Short text fragments from websites
=-=-=
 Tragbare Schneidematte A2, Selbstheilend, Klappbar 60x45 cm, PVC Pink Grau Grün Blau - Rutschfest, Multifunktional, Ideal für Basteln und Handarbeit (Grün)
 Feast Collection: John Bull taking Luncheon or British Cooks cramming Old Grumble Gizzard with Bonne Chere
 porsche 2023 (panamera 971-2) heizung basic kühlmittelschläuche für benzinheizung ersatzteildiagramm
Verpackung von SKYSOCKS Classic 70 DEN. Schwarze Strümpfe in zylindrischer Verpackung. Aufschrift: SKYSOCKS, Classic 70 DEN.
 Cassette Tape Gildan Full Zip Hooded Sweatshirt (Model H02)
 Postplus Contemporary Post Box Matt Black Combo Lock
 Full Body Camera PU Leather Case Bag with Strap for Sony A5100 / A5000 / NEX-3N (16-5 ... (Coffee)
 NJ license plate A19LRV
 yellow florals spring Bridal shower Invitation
=-=-=
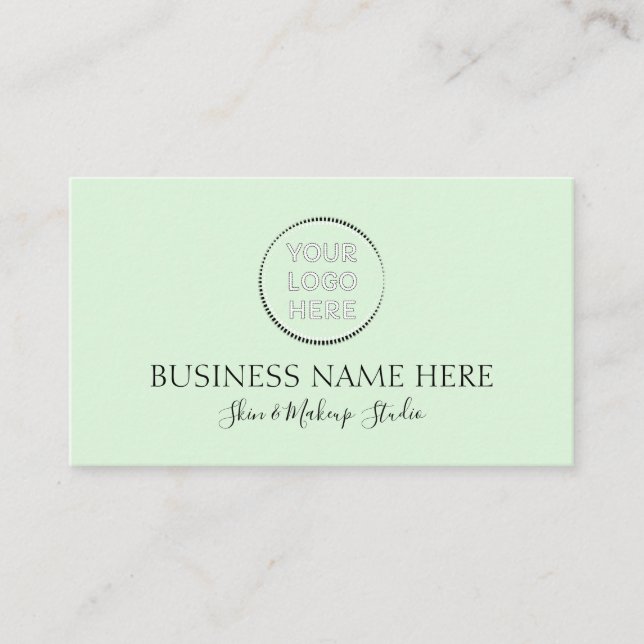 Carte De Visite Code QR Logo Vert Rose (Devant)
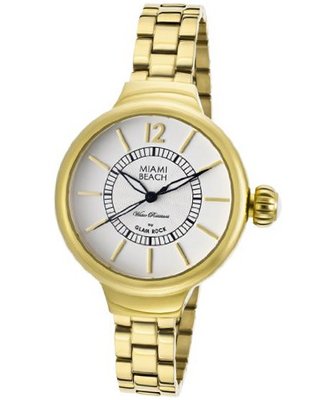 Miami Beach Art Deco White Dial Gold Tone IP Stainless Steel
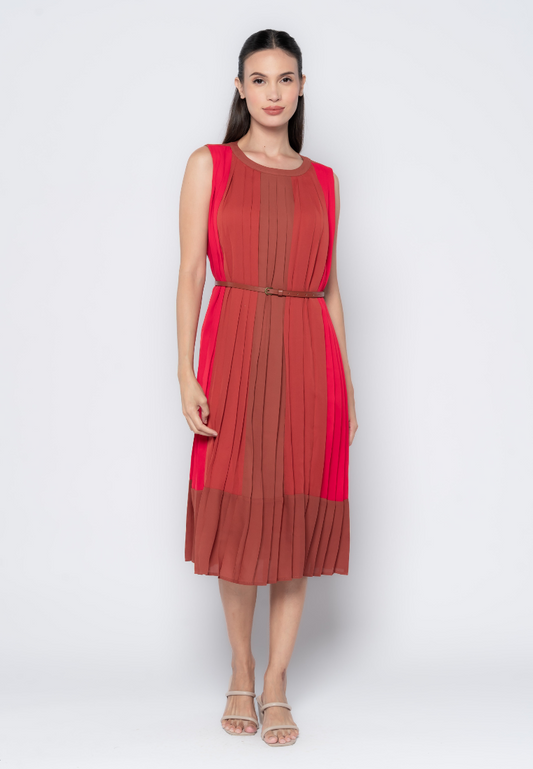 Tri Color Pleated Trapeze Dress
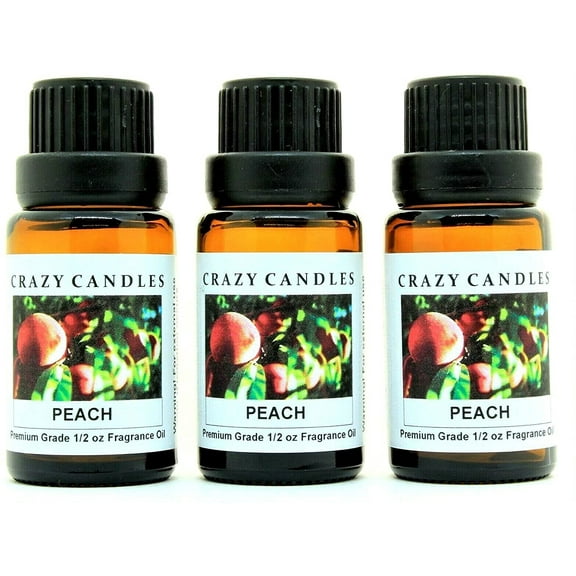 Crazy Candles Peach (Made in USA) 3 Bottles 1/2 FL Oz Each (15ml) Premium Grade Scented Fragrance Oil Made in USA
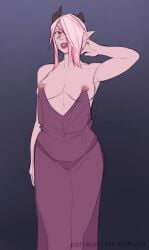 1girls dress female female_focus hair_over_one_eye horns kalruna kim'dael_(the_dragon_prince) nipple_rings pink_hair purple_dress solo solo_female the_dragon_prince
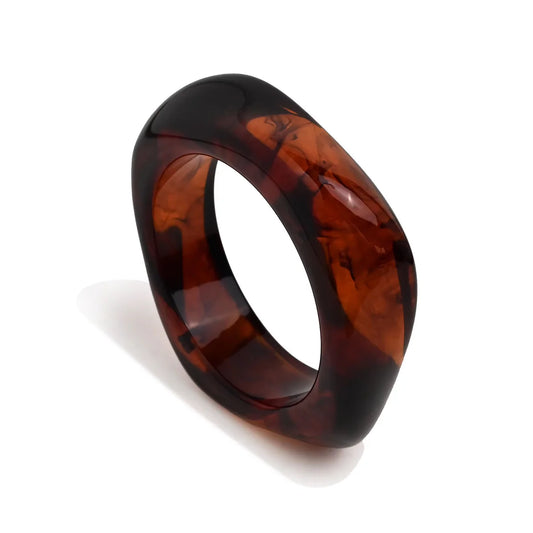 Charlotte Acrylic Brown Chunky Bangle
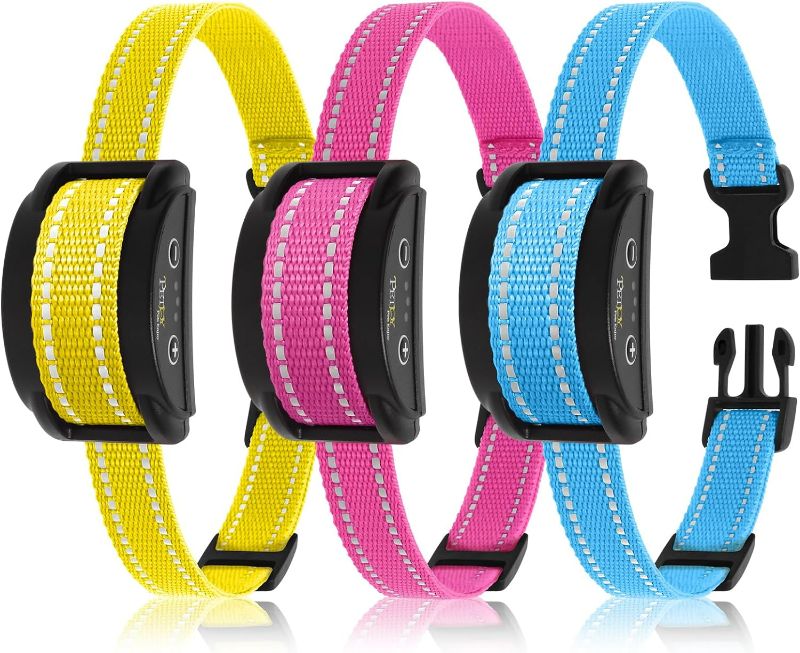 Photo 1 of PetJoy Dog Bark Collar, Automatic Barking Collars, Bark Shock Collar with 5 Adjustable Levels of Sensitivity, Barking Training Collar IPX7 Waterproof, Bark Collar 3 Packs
=-=-=
> [Assigned task] From the line containing "Carte De Visite" through the line containing "Crazy Candles Peach", copy every line above exactly, without pictures.

> [Exercise solution]
 Carte De Visite Code QR Logo Vert Rose (Devant)
 Miami Beach Art Deco White Dial Gold Tone IP Stainless Steel
 Tri Color Pleated Trapeze Dress
 Crazy Candles Peach (Made in USA) 3 Bottles 1/2 FL Oz Each (15ml) Premium Grade Scented Fragrance Oil Made in USA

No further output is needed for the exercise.